We assured the participants that our survey was confidential and that their identity would not be disclosed. However, to support our data analysis of user experience, we asked the respondents to reveal their experience with computers. Unlike the mandatory questions related to OSS usability, this particular question was optional. Out of the 102 responses that we received, 101 individuals chose to respond to this question. Among these responses, 2 respondents categorized themselves as novice computer users, 10 considered themselves as average computer users and 89 of the respondents believed that they were experienced users, as demonstrated in Fig. 3. These statistics indicate the dominance of experienced computer users in the OSS arena.

Fig. 3
figure 3

Experience of users

4.1 Data collection and the measuring instrument

In this study, we collected data on the key usability factors and the perceived level of usability by OSS users. The measuring instruments presented in Appendix were used to learn the perceived level of OSS usability, as well as the extent to which these usability factors were important for the users of the OSS projects. Specifically, we used 20 separate items to measure the independent variables and 4 items to measure the perspective of OSS users regarding usability. The questionnaire required respondents to indicate the extent of their agreement or disagreement with statements using a five-point Likert Scale. For all of the items associated with each variable, the scale ranged from “Strongly Agree” (1) to “Strongly Disagree” (5). The four items for each independent variable were designed to measure the extent to which the variable was practiced within each project. The items for all five usability factors were labeled sequentially in Appendix and numbered 1 through 20. Additionally, the dependent variable, OSS usability, was also measured on the multi-item, five-point Likert Scale. The items were specifically designed to collect measures for this variable and were labeled sequentially from one through four in Appendix.

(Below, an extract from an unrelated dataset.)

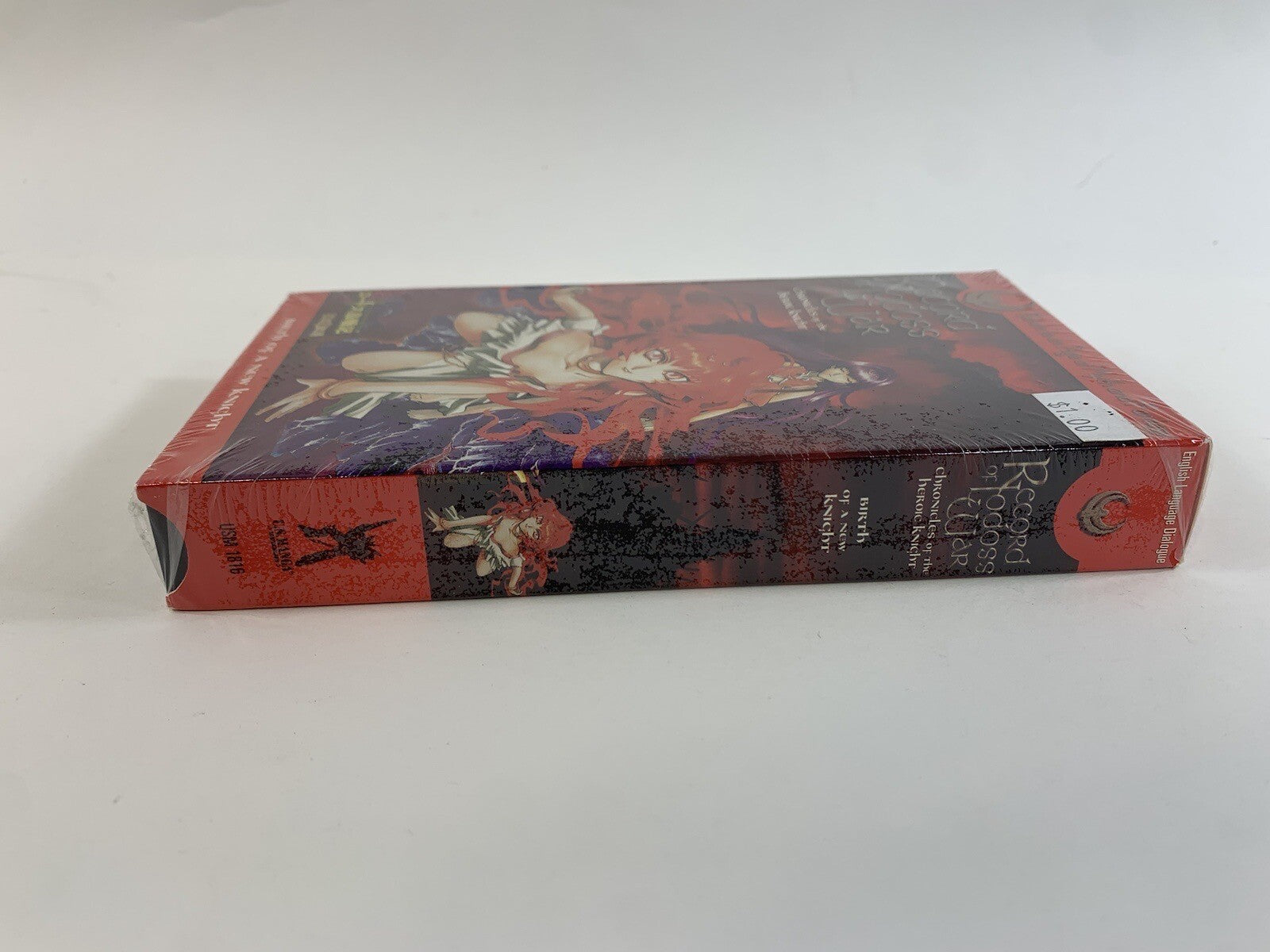 Record of Lodoss War: Chronicles of the Heroic Knight Vol. 9 - Birth of a New...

4.2 Reliability and validity analysis of measuring instrument

The reliability and validity of a measurement are two integral features of an empirical study. Reliability indicates the reproducibility of a measurement, whereas validity refers to the agreement between the experimental value of a measurement and its true value. The most commonly used approaches in empirical studies were used to conduct reliability and validity analyses of the measuring instruments of the study. The reliability of the multiple-item measurement scales of the five usability factors was evaluated using an internal-consistency analysis, which was performed using coefficient alpha [42]. In our analysis, the coefficient alpha ranged from 0.56 to 0.60 as shown in Table 1 and Fig. 4. van de Ven and Ferry [43] stated that a reliability coefficient of 0.55 or higher was satisfactory, and Osterhof [44] suggested that 0.60 or higher was satisfactory. Therefore, it was concluded that the variable items developed for this empirical investigation were reliable.

Table 1 Coefficient alpha and principal component analysis (PCA) of variables
Fig. 4
figure 4

Coefficient alpha and principal component analysis of variables (users’ perspective)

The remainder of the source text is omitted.